------ Provided records ------

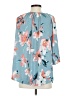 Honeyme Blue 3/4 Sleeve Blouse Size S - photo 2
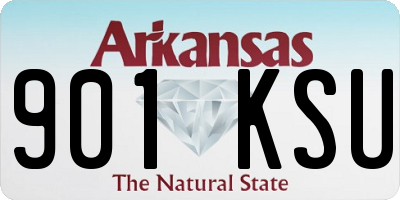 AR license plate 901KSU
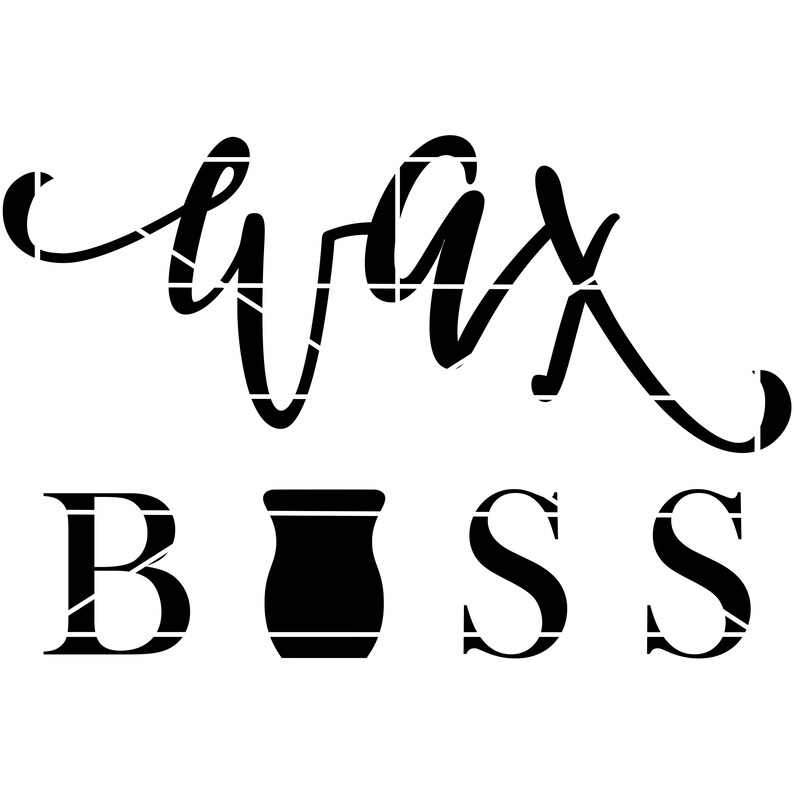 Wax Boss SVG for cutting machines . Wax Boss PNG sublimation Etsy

------
------ Provided records ------

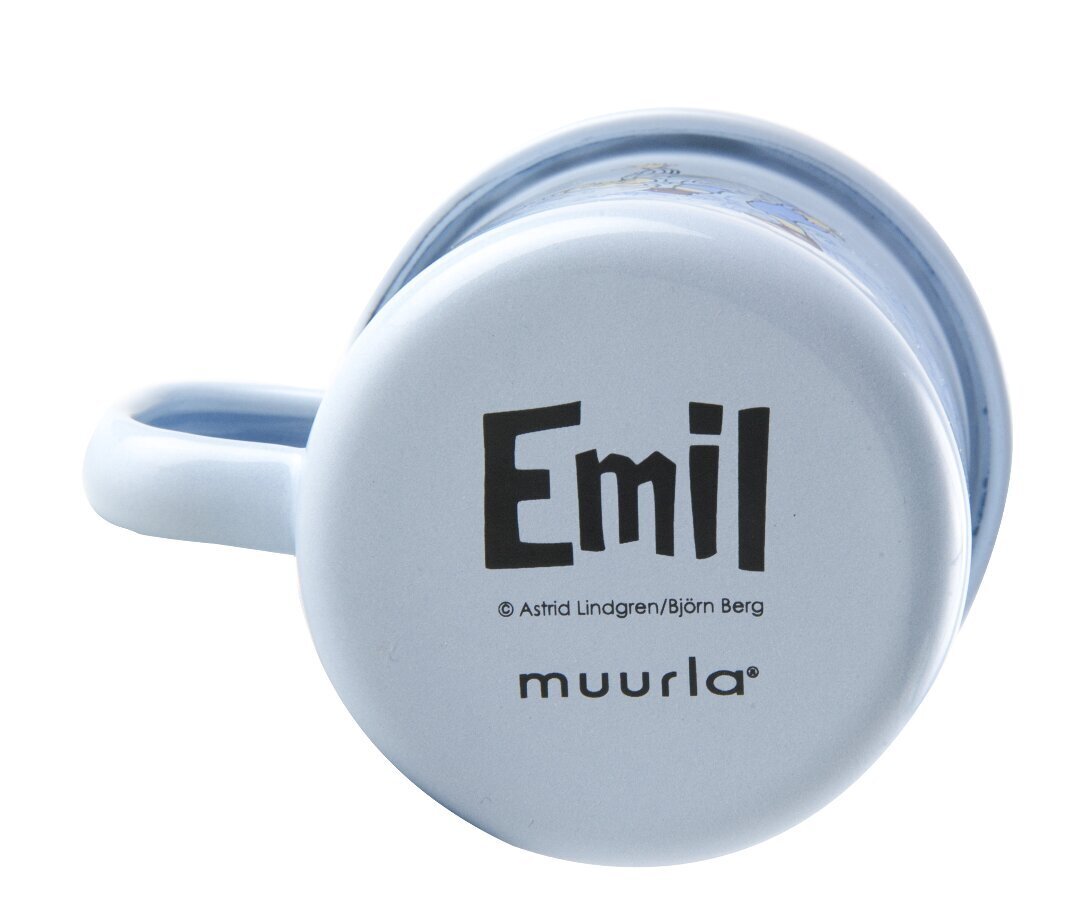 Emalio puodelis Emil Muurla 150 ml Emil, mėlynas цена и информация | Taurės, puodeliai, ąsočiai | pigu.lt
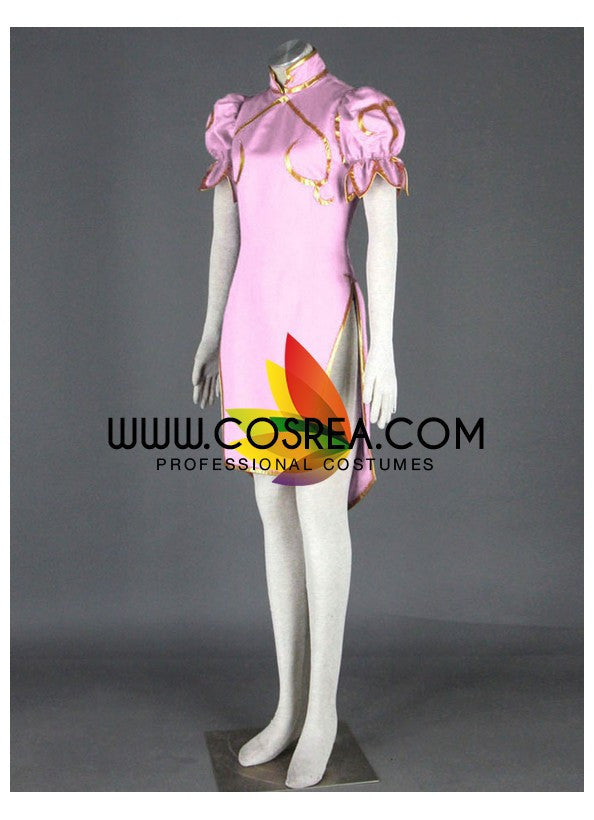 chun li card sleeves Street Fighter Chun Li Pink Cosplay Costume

------
------ Provided records ------

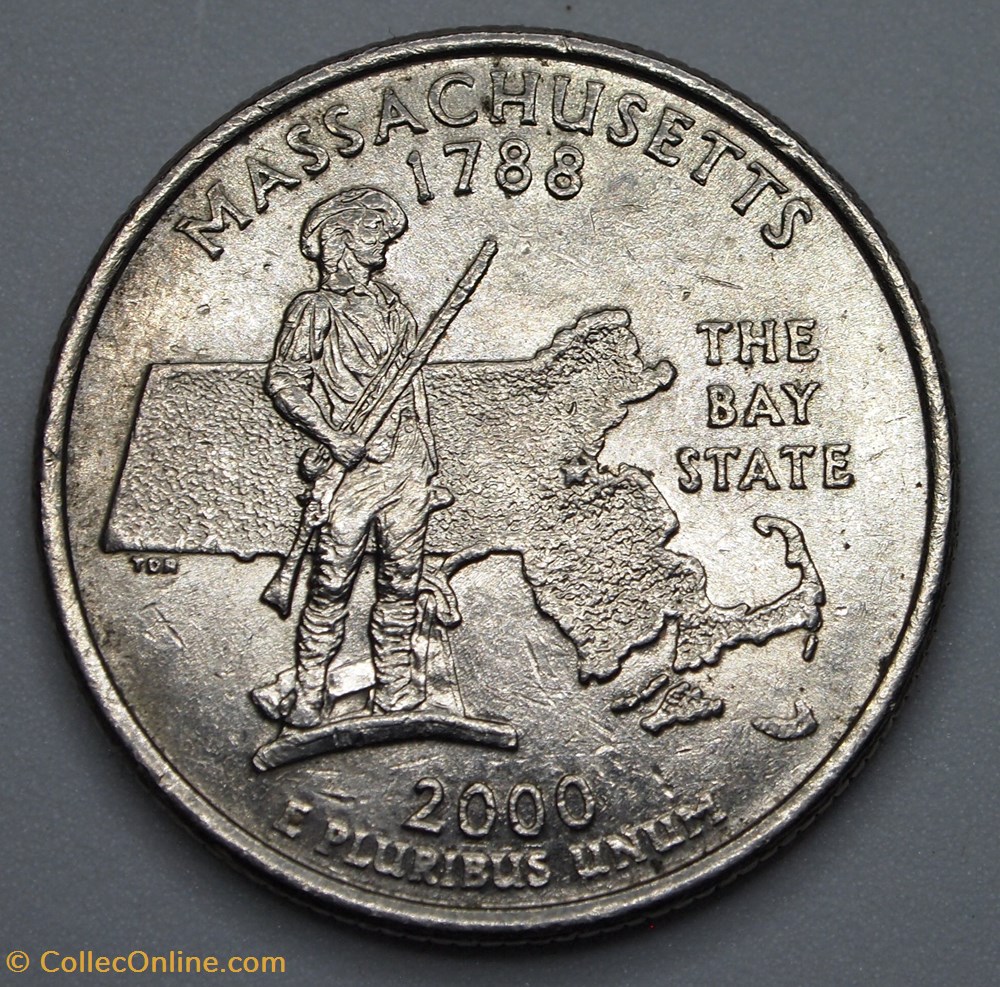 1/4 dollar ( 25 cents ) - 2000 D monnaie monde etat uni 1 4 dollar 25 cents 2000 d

------

Goal of the exercise. Your reply should consist solely of the lines above from the line containing "Honeyme Blue 3/4" up to and including the line containing "Wax Boss SVG", reproduced exactly, minus the pictures.

Written answer.
 Honeyme Blue 3/4 Sleeve Blouse Size S - photo 2
 AR license plate 901KSU
 Wax Boss SVG for cutting machines . Wax Boss PNG sublimation Etsy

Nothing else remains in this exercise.